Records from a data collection
• • • •

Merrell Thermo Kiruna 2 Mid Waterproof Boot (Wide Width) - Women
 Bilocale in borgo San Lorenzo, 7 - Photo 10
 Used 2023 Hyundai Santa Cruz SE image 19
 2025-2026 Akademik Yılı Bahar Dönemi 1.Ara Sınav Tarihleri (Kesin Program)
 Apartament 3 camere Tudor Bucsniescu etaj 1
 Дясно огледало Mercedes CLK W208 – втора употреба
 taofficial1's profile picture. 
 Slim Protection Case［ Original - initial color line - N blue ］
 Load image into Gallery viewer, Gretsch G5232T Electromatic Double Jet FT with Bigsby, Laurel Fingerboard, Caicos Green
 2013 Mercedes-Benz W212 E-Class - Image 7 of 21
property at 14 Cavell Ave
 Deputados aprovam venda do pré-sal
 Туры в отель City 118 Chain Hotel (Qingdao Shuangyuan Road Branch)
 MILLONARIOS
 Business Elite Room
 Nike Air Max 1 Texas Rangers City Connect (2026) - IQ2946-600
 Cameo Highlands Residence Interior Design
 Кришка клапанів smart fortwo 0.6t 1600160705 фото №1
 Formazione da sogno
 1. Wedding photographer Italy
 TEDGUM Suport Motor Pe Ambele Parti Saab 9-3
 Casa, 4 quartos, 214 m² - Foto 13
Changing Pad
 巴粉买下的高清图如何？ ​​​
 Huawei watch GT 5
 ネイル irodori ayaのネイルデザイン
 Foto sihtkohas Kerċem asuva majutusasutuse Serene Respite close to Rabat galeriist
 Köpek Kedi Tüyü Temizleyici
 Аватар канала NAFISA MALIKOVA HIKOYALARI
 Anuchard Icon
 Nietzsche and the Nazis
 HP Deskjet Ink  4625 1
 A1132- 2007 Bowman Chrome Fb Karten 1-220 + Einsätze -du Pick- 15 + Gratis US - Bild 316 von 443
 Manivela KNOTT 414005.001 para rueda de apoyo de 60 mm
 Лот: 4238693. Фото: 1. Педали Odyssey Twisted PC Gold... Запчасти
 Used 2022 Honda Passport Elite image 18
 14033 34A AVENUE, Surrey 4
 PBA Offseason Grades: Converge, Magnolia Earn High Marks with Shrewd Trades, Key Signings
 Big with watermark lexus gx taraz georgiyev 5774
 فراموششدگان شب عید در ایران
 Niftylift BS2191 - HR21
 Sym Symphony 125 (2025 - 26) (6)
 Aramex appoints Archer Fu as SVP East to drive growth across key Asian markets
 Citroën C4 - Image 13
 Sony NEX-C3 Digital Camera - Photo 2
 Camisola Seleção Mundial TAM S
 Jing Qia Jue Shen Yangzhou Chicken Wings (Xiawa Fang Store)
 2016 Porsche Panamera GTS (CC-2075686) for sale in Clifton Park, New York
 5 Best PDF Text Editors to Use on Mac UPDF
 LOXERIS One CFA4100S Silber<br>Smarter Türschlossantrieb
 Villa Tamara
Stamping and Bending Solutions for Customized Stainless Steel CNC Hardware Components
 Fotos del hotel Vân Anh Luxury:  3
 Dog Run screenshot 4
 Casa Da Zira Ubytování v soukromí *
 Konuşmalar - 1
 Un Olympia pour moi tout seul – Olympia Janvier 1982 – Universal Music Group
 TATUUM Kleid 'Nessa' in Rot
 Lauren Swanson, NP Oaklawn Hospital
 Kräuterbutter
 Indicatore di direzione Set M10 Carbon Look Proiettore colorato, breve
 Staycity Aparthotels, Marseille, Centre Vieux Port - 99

• • • •

Report only the number of lines above that contain "Casa".

Answer section
2